A frase é muitas vezes erradamente atribuída a Salmon Rushdie, mas é na verdade de Christopher Hitchens, um escritor e jornalista anglo-americano já falecido. É para mim a frase que reúne tudo o que de mais positivo e profundo podemos dizer, e não é só de amor romântico que estamos a falar, mas de amor, respeito, amizade e solidariedade para com o nosso próximo, para com o nosso mundo.
Como presidente que foste de produtoras musicais, e que chancelam tantos dos nossos renomados artistas, que análise atual fazes do sector e da sua indústria, após fenómenos crescentes como a globalização, a digitalização e a desinformação?

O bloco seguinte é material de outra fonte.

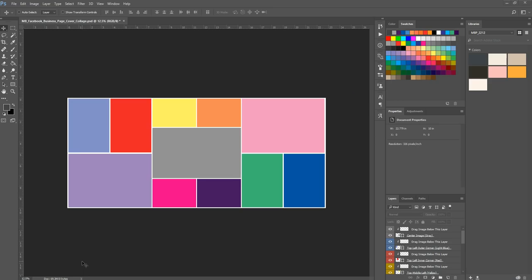Hi there, this is Morgan with Morgan Burks Photography and Product Shop, and today I'm going to show you how to use the free Facebook business page cover photo template. It's quite the mouthful.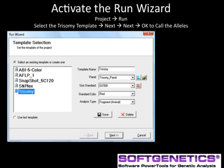As we saw in the introductory GeneMarker webinar, running a project is guided by the Run Wizard. Activate the Run Wizard at the project drop-down menu. Select the Trisomy template and enter the panel, size standard, and standard color that are appropriate for your chemistry from the drop-down menus.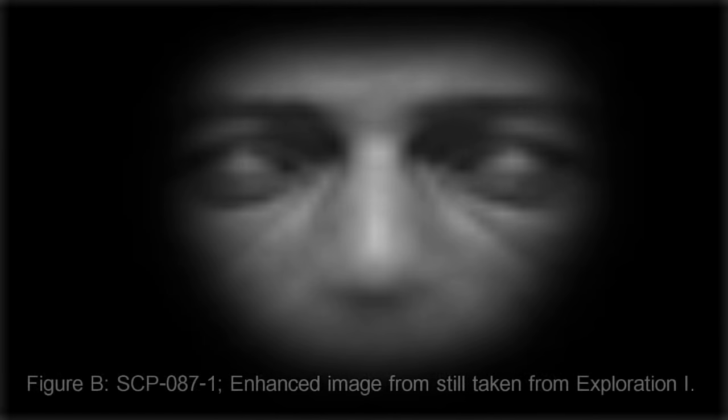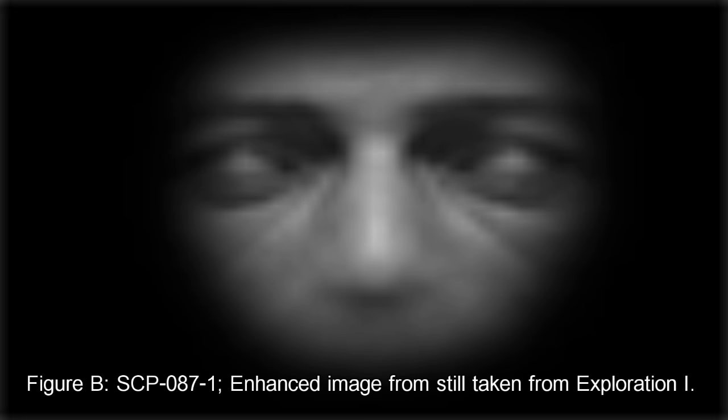SCP-087 has undergone four video-recorded explorations by Class-D personnel. Each subject conducting exploration has encountered SCP-087-1, which appears as a face with no visible pupils, nostrils, or mouth. The nature of SCP-087-1 is entirely unclear, but it has been determined that it is not the source of the pleading.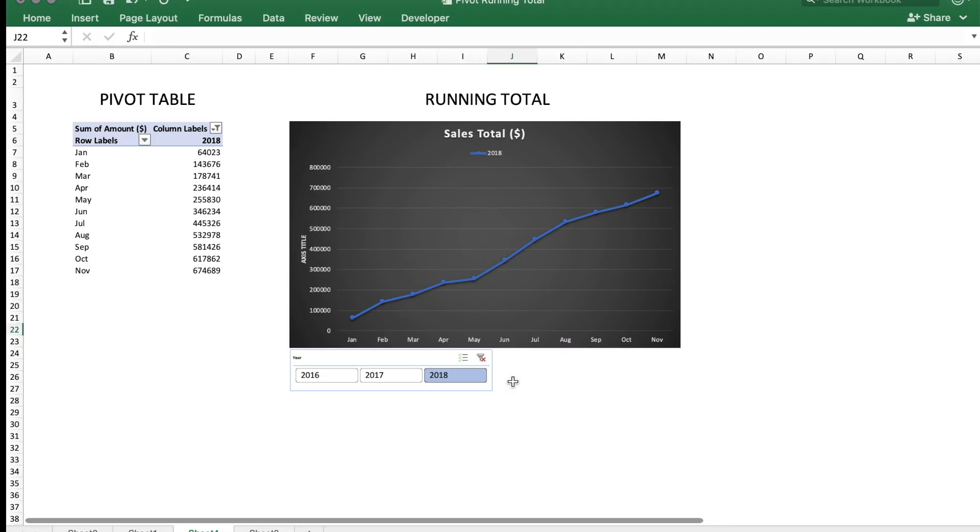Hey there everyone, welcome to Technisha. In this video I will quickly show you how to find the running total of sales for a particular year and compare it to other years.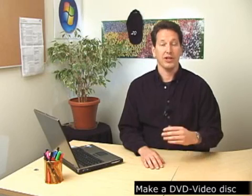Today I'm going to show you how to put your home movies on a special type of disc known as a DVD video disc that can be played in just about any standard DVD player that's connected to a TV.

O mundo digital e agora a inteligência artificial são os gigantescos desafios que temos de enfrentar e regular, para assegurar o futuro. Mas sempre acreditei e acredito que o homem, à semelhança do que fez no passado, saberá ultrapassar todos os desafios tecnológicos usando a sua inteligência emocional, a sua imprevisibilidade e criatividade.
E na tua atividade corrente, enquanto administrador da SPA e sócio-fundador da MUV, o que te move a fazer melhor pelos autores e pelas ideias e de que modos concretos poderemos considerar que o futuro de ambos será melhor? Ou não será?
Tudo vai depender dos desafios que enumerei na resposta anterior e da regulação absolutamente necessária dos mesmos. Se o futuro será melhor ou pior é sempre uma incógnita, mas tudo faremos para assegurar a subsistência dos autores e de todos os criadores, é para isso que lutamos diariamente.
Para terminar, que palavra alavancada nas virtudes humanas desejas deixar aos nossos leitores, neste mês de tantos reinícios e reencontros?
Várias! Paz, justiça, solidariedade, honestidade, melhor redistribuição da riqueza para o bem comum da Humanidade. Voltando um pouco atrás, o amor é o único assunto.